Mixed Up Numbers
We have had a number of economic statistics this week all of which seem to be muddied by the weather or unusual trends that make it difficult to tell what’s going on.
For the last few Thursdays I have been warning you not to take the weekly new claims for unemployment assistance data too seriously. Unfortunately last week I allowed myself to slip a bit and make the nutty suggestion that the drop to 383,000 was unlikely to be reversed. It was. Oh well such is life in the fast lane. This week’s 410,000 demonstrates the bumpiness of the claims data and sent everyone scurrying for explanations. The best most folks could come up with was to resort, once again, to the bad weather and slow reporting from outlying parts of the country. That may well have something to do with it. Looking at the data over the last two months, it has ranged all over the lot, and while a downward trend seems to be there, it has ben swamped regularly.
So I have decided to adopt a simpler approach.
The jobs market continues to suck.
This view is supported by the almost total absence of new job generation. New job addition to payrolls has averaged 83,000 in recent months which, while better than nothing, is derisory. At that rate our unemployment problem will persist for a decade. That is intolerable and unbelievably damaging to the nation’s long term health. The longer we fail to come to grips with unemployment the more our national skills inventory erodes, the greater the social costs we suffer, and the spill over effects into things like consumption, real estate sales, savings and so on pile up.

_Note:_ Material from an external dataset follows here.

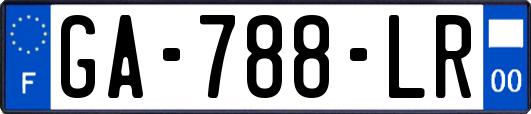 GA-788-LR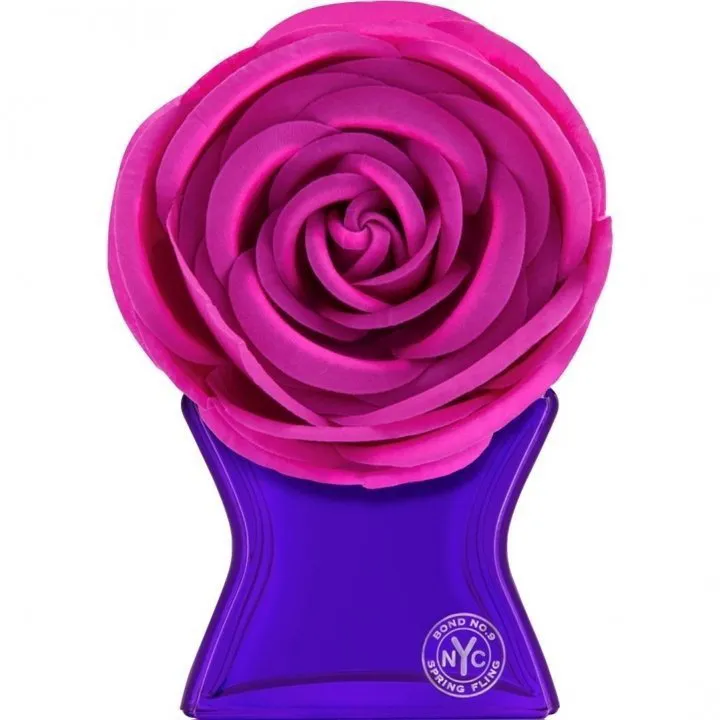 Bond No. 9 Spring Fling parfüm şişesi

Not that you could tell we have an unemployment problem by listening to the debates in Washington. There debt hysteria has taken such hold we no longer have serious economic policy, we have something more akin to a teenage mania. Policy makers have taken leave of their senses and are now somewhere disconnected from the rest of us talking amongst themselves about a problem they created a long time ago as if it were brand new.
Accountability, honesty, and responsibility are not in abundant evidence in Congress at the best of times. Now they are on the endangered species list. A list, by the way, that will no longer be kept once the Republicans cut the budget for it. The idea seems to be that when everyone is stupid no one stands out as being so.
Meanwhile back in the real world: last month’s inflation figures have also been released and provide ammunition for everyone. The inflation panic crowd will look at the headline 0.4% as being quite a jump and probably a portent of things to come. They will, no doubt, bang the austerity and higher interest rate drum even more stridently. The rest of us, being the cool calm folks we are, will look past the headline figure and focus on the fact that food and fuel prices drove a good part of the increase. We will look at the “core” number, which was a more benign 0.2%, and argue that inflation is not an imminent threat. Looking at the last year inflation is not a problem by either measure. While the core rate rose at e very low 1.0%, the more volatile total rate only rose 1.6% despite the energy component rising by 7.3%. Since the Fed has a target of around 2.0% that last twelve months suggests we have ample room to maintain an eased approach. Of course that’s not very easy since we have been bumping along the bottom for a while now with no latitude except for the much maligned quantitative easing that the hawks, in their frenzy, want to reverse.
One last comment on inflation: in a separate report the government announced that average hourly wages fell at a 0.1% rate in January. This means that for the past twelve months wages have risen a paltry 0.2%. For comparison – not that I am trying to make a point – corporate profits rose by over 26% during the twelve months ended last September. Hmmm.
One last muddled view: manufacturing.
The much touted Philadelphia Fed index of activity in its district hit a seven year high in recent weeks. that’s the good news. On the down side is the national report on manufacturing output that slid 0.1% in January. This latter figure was something of a shock since the consensus view was that manufacturing is in rude health and was expected to register a 0.4% gain. The surprise sent the analysts resorting to the bad weather explanation. This time they may have a better case. For instance utility output has swung about wildly lately as bad weather ramped up demand, December’s usage was very high, so when January settled back a bit towards normal levels it dragged output down. Looking inside the numbers tells me that manufacturing is still growing and that the January data was distorted a little. As one example: output of business equipment grew 0.9% in January, not very different from the 1.0% in December. And surveys of factory managers tell the same story: higher demand and growing activity.
So what do we make of all this confusion?
Basically that the economy is growing, but that it isn’t generating jobs. Of course we knew that already.
Oh, and Congress doesn’t care. It has gone off chasing ghosts.